## Your assignment
What is needed here is an exact repetition of the records below, beginning at the line that has "Balenciaga Balenciaga White" and stopping after the line that has "Iluminação de natal é instalada em Camaçari".

## Extracted data entries

:::

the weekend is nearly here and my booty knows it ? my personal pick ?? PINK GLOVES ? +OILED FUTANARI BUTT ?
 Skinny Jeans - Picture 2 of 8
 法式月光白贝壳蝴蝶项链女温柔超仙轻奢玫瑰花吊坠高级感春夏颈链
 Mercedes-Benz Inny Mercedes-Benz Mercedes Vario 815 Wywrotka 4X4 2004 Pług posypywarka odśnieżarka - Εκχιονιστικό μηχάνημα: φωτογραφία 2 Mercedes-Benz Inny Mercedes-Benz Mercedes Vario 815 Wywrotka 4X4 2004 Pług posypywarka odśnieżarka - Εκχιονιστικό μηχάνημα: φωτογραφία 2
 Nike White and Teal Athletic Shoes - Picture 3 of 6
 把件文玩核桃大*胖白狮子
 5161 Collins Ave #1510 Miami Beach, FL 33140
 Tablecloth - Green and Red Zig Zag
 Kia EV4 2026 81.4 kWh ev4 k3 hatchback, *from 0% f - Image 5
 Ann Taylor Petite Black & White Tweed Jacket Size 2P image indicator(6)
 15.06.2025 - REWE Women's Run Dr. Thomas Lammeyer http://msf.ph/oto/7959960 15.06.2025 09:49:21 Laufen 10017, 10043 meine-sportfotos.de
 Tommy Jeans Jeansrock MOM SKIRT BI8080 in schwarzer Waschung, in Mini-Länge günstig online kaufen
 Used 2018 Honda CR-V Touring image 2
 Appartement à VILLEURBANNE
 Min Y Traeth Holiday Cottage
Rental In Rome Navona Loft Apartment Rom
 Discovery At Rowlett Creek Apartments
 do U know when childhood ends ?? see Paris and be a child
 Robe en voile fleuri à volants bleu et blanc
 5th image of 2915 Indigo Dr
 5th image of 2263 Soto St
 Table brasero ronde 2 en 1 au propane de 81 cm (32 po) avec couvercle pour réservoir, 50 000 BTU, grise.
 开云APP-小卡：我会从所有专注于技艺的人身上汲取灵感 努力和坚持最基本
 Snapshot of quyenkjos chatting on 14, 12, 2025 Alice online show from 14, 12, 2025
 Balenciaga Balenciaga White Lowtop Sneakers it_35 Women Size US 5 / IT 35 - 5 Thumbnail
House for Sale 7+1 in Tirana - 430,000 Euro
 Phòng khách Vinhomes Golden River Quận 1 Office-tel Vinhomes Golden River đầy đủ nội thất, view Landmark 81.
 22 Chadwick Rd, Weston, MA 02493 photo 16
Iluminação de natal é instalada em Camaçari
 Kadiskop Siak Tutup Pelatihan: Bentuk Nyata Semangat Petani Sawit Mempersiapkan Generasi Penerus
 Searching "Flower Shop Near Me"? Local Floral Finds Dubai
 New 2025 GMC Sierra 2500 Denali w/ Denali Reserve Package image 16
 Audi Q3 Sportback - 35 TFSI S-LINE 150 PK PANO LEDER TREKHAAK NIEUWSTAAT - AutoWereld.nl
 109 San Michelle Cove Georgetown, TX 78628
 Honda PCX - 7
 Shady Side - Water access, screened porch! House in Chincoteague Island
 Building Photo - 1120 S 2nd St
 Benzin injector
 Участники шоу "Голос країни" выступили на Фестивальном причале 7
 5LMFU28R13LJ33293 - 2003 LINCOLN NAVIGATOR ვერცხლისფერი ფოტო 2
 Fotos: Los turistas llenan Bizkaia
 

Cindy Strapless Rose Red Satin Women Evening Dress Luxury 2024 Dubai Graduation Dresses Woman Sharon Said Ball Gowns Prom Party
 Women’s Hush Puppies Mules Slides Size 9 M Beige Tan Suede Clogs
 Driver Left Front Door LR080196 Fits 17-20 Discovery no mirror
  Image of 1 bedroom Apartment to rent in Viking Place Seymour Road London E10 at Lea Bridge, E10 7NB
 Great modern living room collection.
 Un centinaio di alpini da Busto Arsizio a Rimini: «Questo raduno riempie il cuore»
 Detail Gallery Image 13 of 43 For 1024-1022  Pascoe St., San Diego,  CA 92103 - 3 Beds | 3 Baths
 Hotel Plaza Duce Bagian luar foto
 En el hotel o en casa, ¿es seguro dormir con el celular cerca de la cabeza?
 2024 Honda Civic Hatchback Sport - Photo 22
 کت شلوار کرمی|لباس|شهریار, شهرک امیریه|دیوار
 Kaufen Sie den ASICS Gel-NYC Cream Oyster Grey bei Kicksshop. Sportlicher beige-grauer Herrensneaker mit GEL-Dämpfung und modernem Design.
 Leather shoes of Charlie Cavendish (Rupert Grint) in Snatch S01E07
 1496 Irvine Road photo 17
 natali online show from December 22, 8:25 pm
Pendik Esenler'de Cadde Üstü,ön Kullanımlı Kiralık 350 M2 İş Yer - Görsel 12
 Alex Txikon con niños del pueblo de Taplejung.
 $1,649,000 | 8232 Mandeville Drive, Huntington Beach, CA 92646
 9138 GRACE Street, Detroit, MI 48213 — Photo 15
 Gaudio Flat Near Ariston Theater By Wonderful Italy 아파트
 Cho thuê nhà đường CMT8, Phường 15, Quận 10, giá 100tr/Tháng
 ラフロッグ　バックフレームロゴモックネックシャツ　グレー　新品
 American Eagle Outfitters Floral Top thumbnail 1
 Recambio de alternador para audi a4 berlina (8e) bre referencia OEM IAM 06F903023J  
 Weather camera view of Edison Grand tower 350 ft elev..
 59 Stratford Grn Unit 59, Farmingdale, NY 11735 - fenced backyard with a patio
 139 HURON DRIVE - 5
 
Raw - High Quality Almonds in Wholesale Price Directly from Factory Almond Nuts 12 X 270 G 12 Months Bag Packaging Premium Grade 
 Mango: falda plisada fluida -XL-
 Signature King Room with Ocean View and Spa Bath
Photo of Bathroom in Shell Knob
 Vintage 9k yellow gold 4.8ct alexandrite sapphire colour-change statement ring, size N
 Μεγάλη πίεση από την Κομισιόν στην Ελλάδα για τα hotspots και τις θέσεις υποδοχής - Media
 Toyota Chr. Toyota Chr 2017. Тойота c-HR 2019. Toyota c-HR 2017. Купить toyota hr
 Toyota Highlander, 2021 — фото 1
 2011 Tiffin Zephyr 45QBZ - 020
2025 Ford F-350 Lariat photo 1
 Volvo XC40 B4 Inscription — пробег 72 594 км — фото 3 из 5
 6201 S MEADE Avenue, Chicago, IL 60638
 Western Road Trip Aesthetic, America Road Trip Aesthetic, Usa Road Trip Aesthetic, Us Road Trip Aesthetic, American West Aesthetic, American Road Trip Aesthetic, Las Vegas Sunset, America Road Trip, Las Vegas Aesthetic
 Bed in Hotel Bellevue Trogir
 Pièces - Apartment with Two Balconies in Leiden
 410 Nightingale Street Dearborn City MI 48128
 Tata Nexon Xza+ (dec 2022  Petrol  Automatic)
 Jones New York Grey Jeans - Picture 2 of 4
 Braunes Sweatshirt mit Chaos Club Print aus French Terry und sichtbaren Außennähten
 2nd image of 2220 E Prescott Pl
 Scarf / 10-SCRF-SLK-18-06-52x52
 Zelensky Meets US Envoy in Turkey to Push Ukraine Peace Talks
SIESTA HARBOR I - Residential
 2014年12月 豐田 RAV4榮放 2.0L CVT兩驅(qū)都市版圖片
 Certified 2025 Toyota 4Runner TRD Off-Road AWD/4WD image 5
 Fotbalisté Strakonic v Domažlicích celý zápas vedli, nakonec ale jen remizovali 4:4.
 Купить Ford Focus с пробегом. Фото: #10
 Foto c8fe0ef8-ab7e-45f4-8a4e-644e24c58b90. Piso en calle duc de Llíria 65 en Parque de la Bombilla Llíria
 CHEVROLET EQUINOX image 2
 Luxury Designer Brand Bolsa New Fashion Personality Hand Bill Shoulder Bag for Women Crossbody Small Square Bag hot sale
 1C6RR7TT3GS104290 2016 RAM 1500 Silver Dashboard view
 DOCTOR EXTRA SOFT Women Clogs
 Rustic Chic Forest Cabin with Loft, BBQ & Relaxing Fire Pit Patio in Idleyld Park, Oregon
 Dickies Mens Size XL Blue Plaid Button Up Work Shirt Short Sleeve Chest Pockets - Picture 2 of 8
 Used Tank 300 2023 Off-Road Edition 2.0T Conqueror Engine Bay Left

:::

## Your response
 Balenciaga Balenciaga White Lowtop Sneakers it_35 Women Size US 5 / IT 35 - 5 Thumbnail
House for Sale 7+1 in Tirana - 430,000 Euro
 Phòng khách Vinhomes Golden River Quận 1 Office-tel Vinhomes Golden River đầy đủ nội thất, view Landmark 81.
 22 Chadwick Rd, Weston, MA 02493 photo 16
Iluminação de natal é instalada em Camaçari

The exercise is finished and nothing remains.